> WHAT YOU WILL DO
Line by line, set down all the data below exactly, omitting any picture.

(Extracted records)
◆ ◆ ◆ ◆ ◆
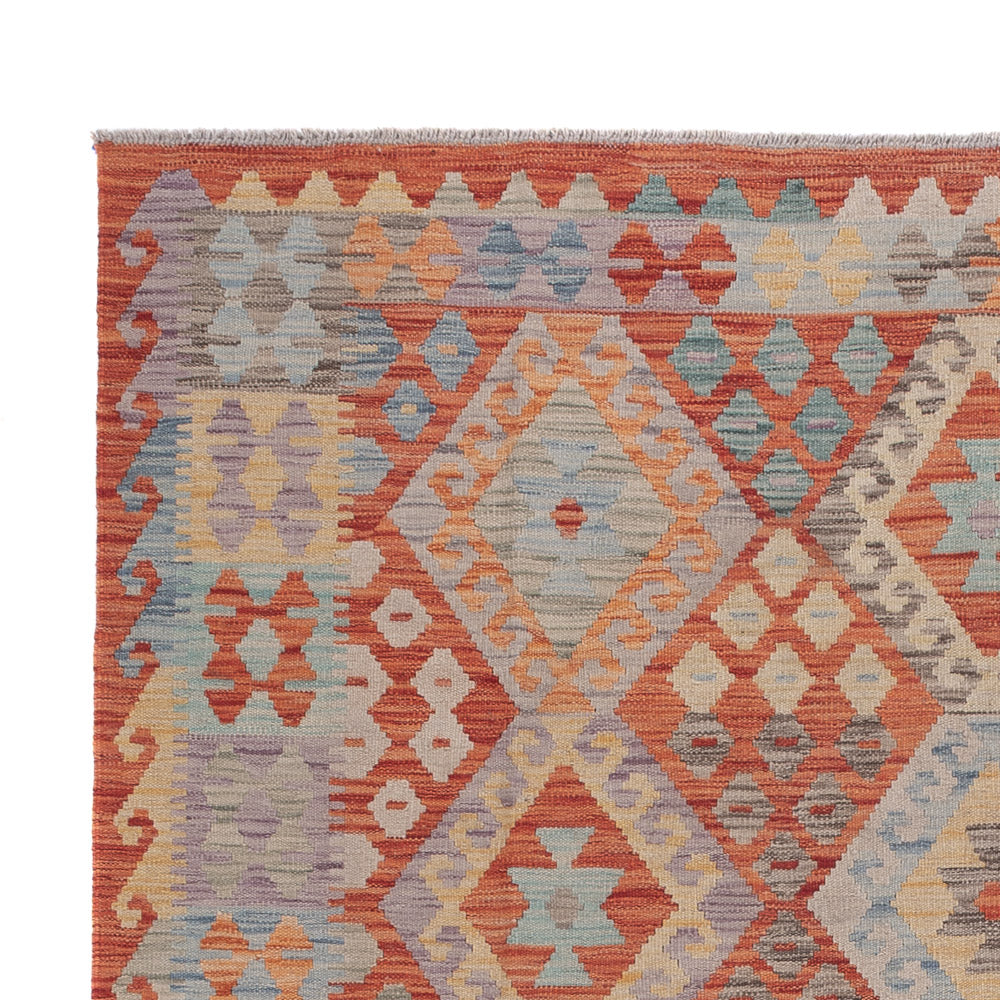 Kilim Maimana Teppe 245x185cm - Ullteppe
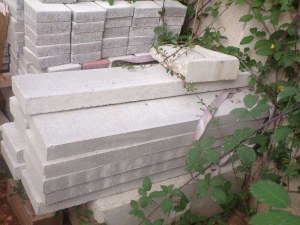 Bordures de trottoir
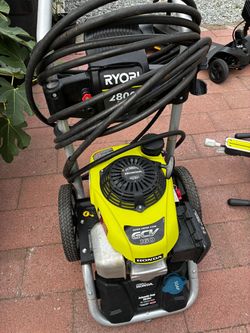Ryobi Pressure Washer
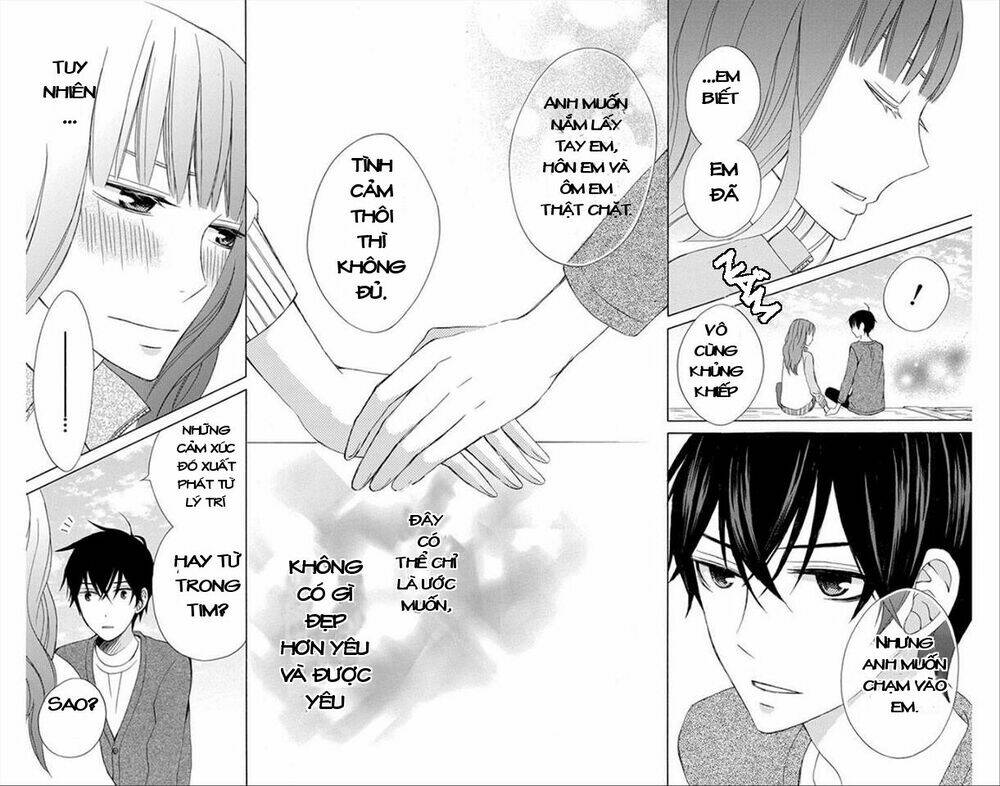 Kanojo Ni Naru Hi: Chapter 9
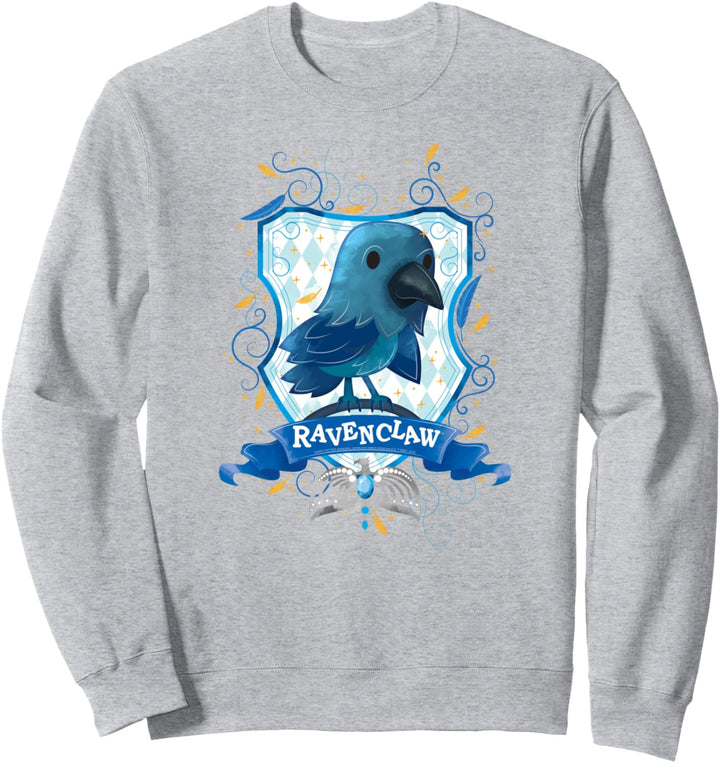 Harry Potter Watercolor Ravenclaw Crest Sweatshirt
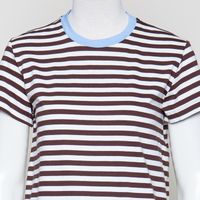 IBLTappeto braun offwhite gestreift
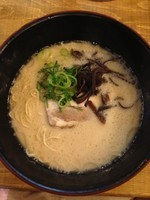 「とんこつラーメン」@博多金龍 門前仲町店の写真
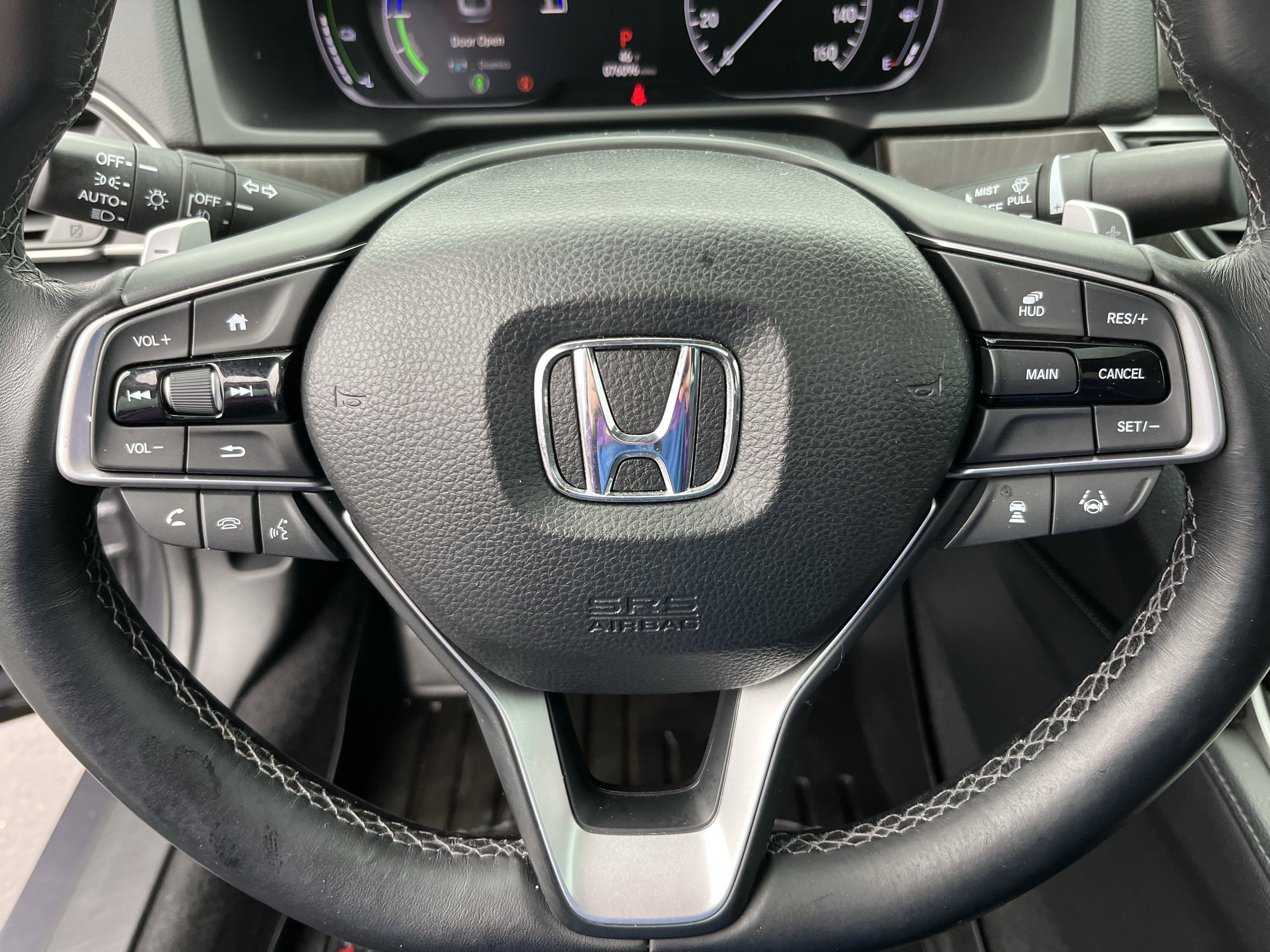 2018 Honda Accord Hybrid Touring
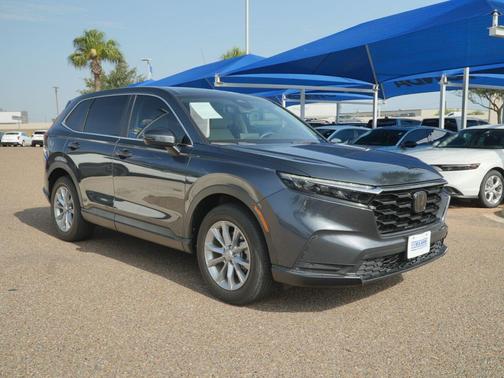 Meteorite Gray Metallic 2024 Honda CR-V EX-L AWD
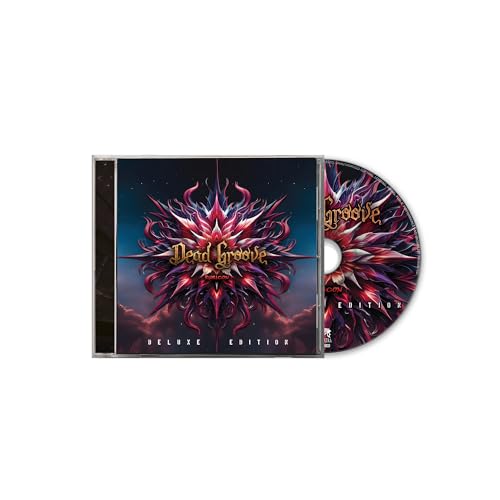CD case and disc for Dead Groove’s “Rubicon - Deluxe Edition.”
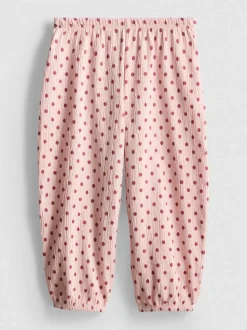 1,5–9 Jahre | Gepunktete Hose in Knitteroptik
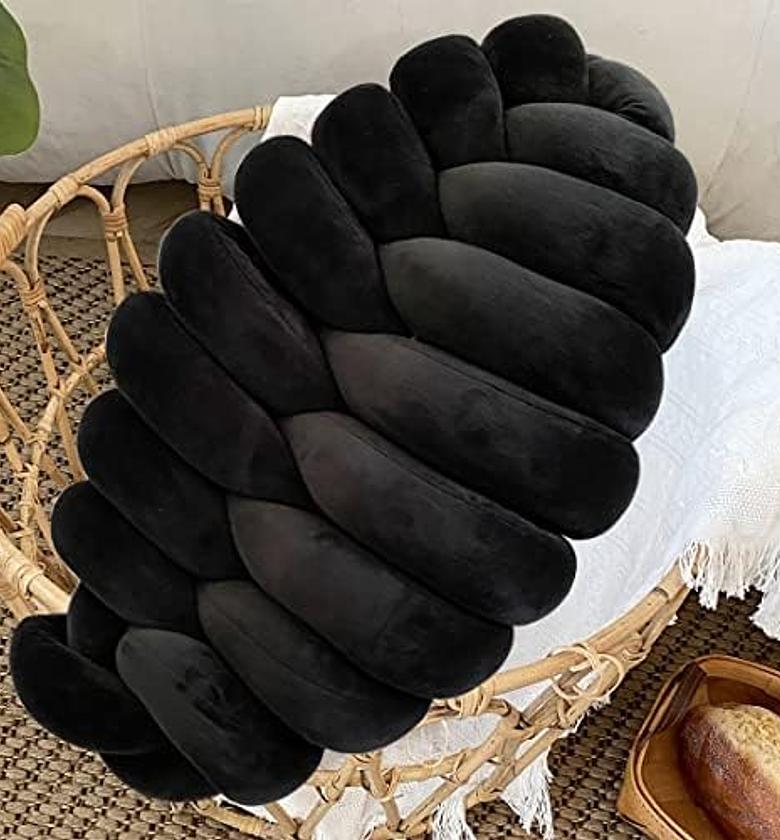 THROW PILLOW. Knot Throw Pillow image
◆ ◆ ◆ ◆ ◆
> RESPONSE TO THE TASK
 Kilim Maimana Teppe 245x185cm - Ullteppe
 Bordures de trottoir
Ryobi Pressure Washer
 Kanojo Ni Naru Hi: Chapter 9
 Harry Potter Watercolor Ravenclaw Crest Sweatshirt
 IBLTappeto braun offwhite gestreift
 「とんこつラーメン」@博多金龍 門前仲町店の写真
 2018 Honda Accord Hybrid Touring
 Meteorite Gray Metallic 2024 Honda CR-V EX-L AWD
CD case and disc for Dead Groove’s “Rubicon - Deluxe Edition.”
 1,5–9 Jahre | Gepunktete Hose in Knitteroptik
 THROW PILLOW. Knot Throw Pillow image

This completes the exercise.